I'm designing a wood LVL beam supporting roof trusses, and the software program I'm using takes this 25% live load reduction in the design of the LVL. I'm not sure whether or not this design is permitted in the HVWZ. I've got calls into the software tech people, but I imagine I'm in for several hours on hold with the national company before I'm able to find their resident expert in the FBC, if I can even find him or her.

Any thoughts and opinions are appreciated.


----------



## grover (Aug 30, 2007)

I'm not a floridian structural engineer, but... isn't it safe to assume that under worst-case HVWZ conditions in Florida, all personnel (and their subsequent live load) would have been evacuated from the building?


----------



## MetroRAFB (Aug 30, 2007)

You would think, but that level of common sense doesn't make it into the pages of any building codes I've ever seen.


----------



## Guest (Aug 30, 2007)

^^^ I will echo that statement.

There are MANY times when people are told to leave ... imminent danger ... get out ... evacuate. Do you know there are some people who will just not leave?

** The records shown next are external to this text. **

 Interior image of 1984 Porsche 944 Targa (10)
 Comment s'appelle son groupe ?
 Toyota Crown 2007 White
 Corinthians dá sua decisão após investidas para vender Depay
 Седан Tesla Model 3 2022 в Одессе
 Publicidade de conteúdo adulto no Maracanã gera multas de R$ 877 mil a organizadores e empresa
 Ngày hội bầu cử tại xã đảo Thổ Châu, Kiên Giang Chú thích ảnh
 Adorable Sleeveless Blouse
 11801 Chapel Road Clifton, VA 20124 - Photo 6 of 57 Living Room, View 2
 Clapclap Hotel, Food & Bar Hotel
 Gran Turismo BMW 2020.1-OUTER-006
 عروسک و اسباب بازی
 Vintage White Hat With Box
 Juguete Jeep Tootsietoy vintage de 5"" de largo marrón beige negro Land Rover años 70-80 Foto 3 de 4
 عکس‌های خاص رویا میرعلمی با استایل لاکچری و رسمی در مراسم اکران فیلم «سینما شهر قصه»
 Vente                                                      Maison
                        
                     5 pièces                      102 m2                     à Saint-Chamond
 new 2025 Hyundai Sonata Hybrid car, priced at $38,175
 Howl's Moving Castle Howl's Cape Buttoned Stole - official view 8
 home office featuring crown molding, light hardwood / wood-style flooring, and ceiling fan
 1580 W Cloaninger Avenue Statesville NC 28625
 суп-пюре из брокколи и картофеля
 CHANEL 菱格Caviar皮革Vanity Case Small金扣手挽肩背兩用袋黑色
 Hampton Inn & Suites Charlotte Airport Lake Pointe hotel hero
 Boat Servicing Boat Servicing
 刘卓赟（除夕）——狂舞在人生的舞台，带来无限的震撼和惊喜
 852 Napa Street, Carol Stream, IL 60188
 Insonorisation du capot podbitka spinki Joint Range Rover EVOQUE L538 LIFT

So ... as far as grover's assumption. Survey says: GOOSE EGG hmy:

:laugh:

JR


----------



## grover (Aug 30, 2007)

OK, let me rephrase the question then, to accomodate the lowest common denominator:

I'm not a floridian structural engineer, but... isn't it safe to assume that under worst-case HVWZ conditions in Florida, all personnel (and their belongings) would have been evacuated from the building at appx 150mph?


----------



## MetroRAFB (Aug 30, 2007)

grover said:


> OK, let me rephrase the question then, to accomodate the lowest common denominator:
> I'm not a floridian structural engineer, but... isn't it safe to assume that under worst-case HVWZ conditions in Florida, all personnel (and their belongings) would have been evacuated from the building at appx 150mph?



Nope, some structures in the HVHZ have to withstand 150mph conditions without failure.


----------



## Guest (Aug 31, 2007)

^^^ Yeppers. Correct.

JR


----------



## GCracker (Sep 19, 2007)

I know I'm coming in a little late with this, but I believe the minimum roof live load in the HVWZ is 30 psf and non-reducible. I haven't designed a structure in south FL in the last 3 years, so it may have changed.


----------